Records from a dataset
=== Section Start ===

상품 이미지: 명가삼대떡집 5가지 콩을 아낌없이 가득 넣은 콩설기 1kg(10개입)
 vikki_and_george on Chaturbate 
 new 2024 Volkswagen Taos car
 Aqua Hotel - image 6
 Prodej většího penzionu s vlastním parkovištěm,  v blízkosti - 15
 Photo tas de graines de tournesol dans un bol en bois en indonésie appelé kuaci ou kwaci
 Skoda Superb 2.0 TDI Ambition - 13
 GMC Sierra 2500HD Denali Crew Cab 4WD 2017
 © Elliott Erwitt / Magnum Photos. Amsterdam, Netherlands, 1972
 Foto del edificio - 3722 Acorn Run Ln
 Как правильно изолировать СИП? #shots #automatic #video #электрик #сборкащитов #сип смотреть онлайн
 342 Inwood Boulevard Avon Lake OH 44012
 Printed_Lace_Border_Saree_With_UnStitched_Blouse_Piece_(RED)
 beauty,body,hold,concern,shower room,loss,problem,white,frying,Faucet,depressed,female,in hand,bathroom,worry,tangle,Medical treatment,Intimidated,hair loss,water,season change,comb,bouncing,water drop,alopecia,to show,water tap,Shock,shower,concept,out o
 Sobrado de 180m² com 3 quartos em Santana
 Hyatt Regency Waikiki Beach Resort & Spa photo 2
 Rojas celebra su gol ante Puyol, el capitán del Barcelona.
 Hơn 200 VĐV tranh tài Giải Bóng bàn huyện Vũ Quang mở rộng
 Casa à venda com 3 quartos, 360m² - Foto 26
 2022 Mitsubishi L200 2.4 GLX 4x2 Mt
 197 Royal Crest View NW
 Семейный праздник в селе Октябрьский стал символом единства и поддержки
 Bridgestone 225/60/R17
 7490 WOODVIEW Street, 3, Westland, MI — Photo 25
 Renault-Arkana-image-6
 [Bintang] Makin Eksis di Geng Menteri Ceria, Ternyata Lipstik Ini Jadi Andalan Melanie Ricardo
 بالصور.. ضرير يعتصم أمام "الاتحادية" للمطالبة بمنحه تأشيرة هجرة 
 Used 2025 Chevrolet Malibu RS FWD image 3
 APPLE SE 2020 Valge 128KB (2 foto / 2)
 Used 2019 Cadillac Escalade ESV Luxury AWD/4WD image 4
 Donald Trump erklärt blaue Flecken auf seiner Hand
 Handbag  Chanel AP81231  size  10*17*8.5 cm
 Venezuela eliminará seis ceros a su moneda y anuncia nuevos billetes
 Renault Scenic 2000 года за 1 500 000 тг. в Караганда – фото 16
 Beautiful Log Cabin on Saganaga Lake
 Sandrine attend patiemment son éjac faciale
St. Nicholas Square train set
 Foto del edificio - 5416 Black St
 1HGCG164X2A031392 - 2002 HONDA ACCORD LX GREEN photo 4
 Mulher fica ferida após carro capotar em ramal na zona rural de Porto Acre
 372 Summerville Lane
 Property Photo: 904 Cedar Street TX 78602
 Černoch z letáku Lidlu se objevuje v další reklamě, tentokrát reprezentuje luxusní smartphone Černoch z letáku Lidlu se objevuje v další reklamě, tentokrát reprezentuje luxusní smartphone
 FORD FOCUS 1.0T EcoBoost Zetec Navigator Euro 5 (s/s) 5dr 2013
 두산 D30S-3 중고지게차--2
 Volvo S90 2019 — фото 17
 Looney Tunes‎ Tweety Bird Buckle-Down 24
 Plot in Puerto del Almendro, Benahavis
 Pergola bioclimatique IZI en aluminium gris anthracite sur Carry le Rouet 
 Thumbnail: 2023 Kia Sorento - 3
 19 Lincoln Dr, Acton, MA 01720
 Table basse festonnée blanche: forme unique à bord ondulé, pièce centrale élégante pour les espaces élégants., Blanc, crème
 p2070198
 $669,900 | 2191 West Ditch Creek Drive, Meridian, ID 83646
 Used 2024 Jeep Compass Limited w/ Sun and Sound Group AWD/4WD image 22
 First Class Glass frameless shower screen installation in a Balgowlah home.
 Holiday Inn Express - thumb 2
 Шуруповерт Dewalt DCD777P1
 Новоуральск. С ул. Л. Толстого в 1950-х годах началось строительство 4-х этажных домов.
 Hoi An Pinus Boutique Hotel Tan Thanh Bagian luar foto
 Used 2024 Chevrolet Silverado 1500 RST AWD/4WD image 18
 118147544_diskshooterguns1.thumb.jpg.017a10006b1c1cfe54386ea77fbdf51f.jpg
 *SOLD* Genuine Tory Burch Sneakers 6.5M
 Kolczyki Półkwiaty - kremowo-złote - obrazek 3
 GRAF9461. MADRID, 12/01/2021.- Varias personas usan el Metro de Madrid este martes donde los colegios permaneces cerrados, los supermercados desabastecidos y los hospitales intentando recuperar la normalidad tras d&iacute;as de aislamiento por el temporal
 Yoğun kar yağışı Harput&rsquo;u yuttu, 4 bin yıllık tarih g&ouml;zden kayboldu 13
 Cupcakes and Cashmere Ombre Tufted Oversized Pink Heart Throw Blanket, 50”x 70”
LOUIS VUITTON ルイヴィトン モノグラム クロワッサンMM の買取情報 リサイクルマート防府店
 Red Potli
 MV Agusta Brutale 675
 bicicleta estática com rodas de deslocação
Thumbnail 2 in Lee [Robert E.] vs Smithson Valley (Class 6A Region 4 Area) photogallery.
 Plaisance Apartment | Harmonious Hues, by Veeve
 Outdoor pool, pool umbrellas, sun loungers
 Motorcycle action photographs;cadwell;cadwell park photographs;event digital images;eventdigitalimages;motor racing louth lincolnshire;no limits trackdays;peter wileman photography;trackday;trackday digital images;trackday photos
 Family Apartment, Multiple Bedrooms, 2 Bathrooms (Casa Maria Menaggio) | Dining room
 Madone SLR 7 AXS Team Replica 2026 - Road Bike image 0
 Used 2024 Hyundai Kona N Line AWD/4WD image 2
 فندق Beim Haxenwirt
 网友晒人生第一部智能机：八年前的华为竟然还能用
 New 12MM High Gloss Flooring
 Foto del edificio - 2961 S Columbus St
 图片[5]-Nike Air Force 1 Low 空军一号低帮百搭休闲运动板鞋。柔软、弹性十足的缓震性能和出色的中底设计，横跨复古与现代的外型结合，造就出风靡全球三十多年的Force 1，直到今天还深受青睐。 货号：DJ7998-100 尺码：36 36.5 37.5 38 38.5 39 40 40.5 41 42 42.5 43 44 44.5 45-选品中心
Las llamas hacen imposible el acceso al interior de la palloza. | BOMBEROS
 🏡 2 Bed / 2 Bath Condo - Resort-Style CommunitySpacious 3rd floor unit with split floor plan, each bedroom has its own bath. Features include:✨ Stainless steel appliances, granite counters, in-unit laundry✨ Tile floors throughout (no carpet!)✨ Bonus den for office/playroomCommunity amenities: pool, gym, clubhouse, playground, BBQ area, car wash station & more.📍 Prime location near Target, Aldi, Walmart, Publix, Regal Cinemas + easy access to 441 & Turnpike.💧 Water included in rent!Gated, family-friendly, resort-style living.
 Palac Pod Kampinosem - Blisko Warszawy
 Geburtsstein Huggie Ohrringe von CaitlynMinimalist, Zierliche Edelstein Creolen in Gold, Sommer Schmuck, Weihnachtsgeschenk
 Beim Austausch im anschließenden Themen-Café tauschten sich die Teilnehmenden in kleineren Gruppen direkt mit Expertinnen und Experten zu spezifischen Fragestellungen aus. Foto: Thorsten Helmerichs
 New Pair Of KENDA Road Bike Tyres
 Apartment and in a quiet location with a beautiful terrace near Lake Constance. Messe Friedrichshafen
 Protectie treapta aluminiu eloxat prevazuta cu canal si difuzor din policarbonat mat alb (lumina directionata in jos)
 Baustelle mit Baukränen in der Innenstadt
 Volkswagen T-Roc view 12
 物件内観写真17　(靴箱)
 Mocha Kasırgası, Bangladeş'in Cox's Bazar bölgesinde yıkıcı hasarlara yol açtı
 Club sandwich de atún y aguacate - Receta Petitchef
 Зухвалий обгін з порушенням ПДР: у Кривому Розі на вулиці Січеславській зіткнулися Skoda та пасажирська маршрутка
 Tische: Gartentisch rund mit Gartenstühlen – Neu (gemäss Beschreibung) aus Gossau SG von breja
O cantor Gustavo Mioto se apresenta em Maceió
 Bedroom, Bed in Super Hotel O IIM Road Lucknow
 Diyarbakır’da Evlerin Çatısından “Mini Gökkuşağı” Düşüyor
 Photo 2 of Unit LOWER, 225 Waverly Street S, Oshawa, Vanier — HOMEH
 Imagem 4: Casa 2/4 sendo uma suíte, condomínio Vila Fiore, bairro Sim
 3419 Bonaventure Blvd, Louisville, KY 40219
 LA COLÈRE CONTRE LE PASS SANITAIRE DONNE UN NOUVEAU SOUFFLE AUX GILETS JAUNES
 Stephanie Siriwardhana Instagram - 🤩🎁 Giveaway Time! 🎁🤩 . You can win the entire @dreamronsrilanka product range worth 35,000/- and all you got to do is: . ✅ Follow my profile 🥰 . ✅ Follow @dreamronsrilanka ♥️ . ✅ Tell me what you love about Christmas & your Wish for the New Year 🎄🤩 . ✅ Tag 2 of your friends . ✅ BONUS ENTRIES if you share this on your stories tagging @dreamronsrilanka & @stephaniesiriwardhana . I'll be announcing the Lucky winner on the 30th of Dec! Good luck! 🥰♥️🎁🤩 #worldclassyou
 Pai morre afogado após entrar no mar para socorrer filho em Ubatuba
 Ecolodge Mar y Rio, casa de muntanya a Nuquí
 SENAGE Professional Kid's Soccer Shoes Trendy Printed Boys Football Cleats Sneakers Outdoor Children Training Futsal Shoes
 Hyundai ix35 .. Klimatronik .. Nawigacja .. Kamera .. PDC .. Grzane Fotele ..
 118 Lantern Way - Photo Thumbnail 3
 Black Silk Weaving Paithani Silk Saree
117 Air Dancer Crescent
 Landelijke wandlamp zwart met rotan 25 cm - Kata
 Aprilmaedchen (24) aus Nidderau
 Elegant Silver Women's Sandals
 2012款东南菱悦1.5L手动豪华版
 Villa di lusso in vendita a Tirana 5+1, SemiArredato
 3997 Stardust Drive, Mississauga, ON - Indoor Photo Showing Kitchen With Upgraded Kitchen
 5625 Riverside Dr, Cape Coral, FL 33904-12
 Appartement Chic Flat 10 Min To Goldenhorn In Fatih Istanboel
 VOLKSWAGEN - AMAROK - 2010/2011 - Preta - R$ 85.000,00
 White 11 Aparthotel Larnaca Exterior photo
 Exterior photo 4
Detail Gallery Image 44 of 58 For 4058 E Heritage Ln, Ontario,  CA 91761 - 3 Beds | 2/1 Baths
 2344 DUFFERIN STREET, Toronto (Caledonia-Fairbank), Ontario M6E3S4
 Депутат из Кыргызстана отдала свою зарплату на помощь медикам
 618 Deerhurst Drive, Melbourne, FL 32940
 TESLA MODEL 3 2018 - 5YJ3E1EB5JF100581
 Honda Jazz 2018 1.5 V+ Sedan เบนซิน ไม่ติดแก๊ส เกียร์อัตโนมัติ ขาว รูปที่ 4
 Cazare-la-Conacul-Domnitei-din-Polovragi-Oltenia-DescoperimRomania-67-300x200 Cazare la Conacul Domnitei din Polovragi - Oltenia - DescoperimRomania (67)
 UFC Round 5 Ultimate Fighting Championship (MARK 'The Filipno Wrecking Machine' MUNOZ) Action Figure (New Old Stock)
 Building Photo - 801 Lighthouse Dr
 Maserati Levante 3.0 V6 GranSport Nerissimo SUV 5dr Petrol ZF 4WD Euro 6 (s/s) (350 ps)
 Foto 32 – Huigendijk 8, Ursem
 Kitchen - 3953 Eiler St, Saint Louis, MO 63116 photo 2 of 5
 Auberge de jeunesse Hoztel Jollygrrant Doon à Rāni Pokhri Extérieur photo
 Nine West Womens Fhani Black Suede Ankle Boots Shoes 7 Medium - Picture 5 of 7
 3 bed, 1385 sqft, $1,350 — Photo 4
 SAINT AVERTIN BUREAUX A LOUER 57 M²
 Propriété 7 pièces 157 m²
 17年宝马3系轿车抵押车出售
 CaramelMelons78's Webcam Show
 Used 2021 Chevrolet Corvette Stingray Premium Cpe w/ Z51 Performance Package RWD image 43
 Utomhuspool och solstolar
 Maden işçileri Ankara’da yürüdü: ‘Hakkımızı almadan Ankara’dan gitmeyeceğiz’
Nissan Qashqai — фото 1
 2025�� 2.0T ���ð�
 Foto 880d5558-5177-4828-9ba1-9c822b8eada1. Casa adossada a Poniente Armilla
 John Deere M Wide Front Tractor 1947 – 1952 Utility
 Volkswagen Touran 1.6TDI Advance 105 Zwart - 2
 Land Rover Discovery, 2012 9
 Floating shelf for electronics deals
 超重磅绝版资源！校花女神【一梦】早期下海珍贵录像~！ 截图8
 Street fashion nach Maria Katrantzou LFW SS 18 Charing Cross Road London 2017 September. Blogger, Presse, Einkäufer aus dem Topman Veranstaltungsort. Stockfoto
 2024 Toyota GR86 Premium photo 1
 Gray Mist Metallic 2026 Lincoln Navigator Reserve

=== Section End ===

> _Task directions_: Send back an exact copy of only the lines from the line with "Новоуральск. С" up to and including the line with "图片[5]-Nike Air Force" in the data above.

> _Response for this exercise_:
 Новоуральск. С ул. Л. Толстого в 1950-х годах началось строительство 4-х этажных домов.
 Hoi An Pinus Boutique Hotel Tan Thanh Bagian luar foto
 Used 2024 Chevrolet Silverado 1500 RST AWD/4WD image 18
 118147544_diskshooterguns1.thumb.jpg.017a10006b1c1cfe54386ea77fbdf51f.jpg
 *SOLD* Genuine Tory Burch Sneakers 6.5M
 Kolczyki Półkwiaty - kremowo-złote - obrazek 3
 GRAF9461. MADRID, 12/01/2021.- Varias personas usan el Metro de Madrid este martes donde los colegios permaneces cerrados, los supermercados desabastecidos y los hospitales intentando recuperar la normalidad tras d&iacute;as de aislamiento por el temporal
 Yoğun kar yağışı Harput&rsquo;u yuttu, 4 bin yıllık tarih g&ouml;zden kayboldu 13
 Cupcakes and Cashmere Ombre Tufted Oversized Pink Heart Throw Blanket, 50”x 70”
LOUIS VUITTON ルイヴィトン モノグラム クロワッサンMM の買取情報 リサイクルマート防府店
 Red Potli
 MV Agusta Brutale 675
 bicicleta estática com rodas de deslocação
Thumbnail 2 in Lee [Robert E.] vs Smithson Valley (Class 6A Region 4 Area) photogallery.
 Plaisance Apartment | Harmonious Hues, by Veeve
 Outdoor pool, pool umbrellas, sun loungers
 Motorcycle action photographs;cadwell;cadwell park photographs;event digital images;eventdigitalimages;motor racing louth lincolnshire;no limits trackdays;peter wileman photography;trackday;trackday digital images;trackday photos
 Family Apartment, Multiple Bedrooms, 2 Bathrooms (Casa Maria Menaggio) | Dining room
 Madone SLR 7 AXS Team Replica 2026 - Road Bike image 0
 Used 2024 Hyundai Kona N Line AWD/4WD image 2
 فندق Beim Haxenwirt
 网友晒人生第一部智能机：八年前的华为竟然还能用
 New 12MM High Gloss Flooring
 Foto del edificio - 2961 S Columbus St
 图片[5]-Nike Air Force 1 Low 空军一号低帮百搭休闲运动板鞋。柔软、弹性十足的缓震性能和出色的中底设计，横跨复古与现代的外型结合，造就出风靡全球三十多年的Force 1，直到今天还深受青睐。 货号：DJ7998-100 尺码：36 36.5 37.5 38 38.5 39 40 40.5 41 42 42.5 43 44 44.5 45-选品中心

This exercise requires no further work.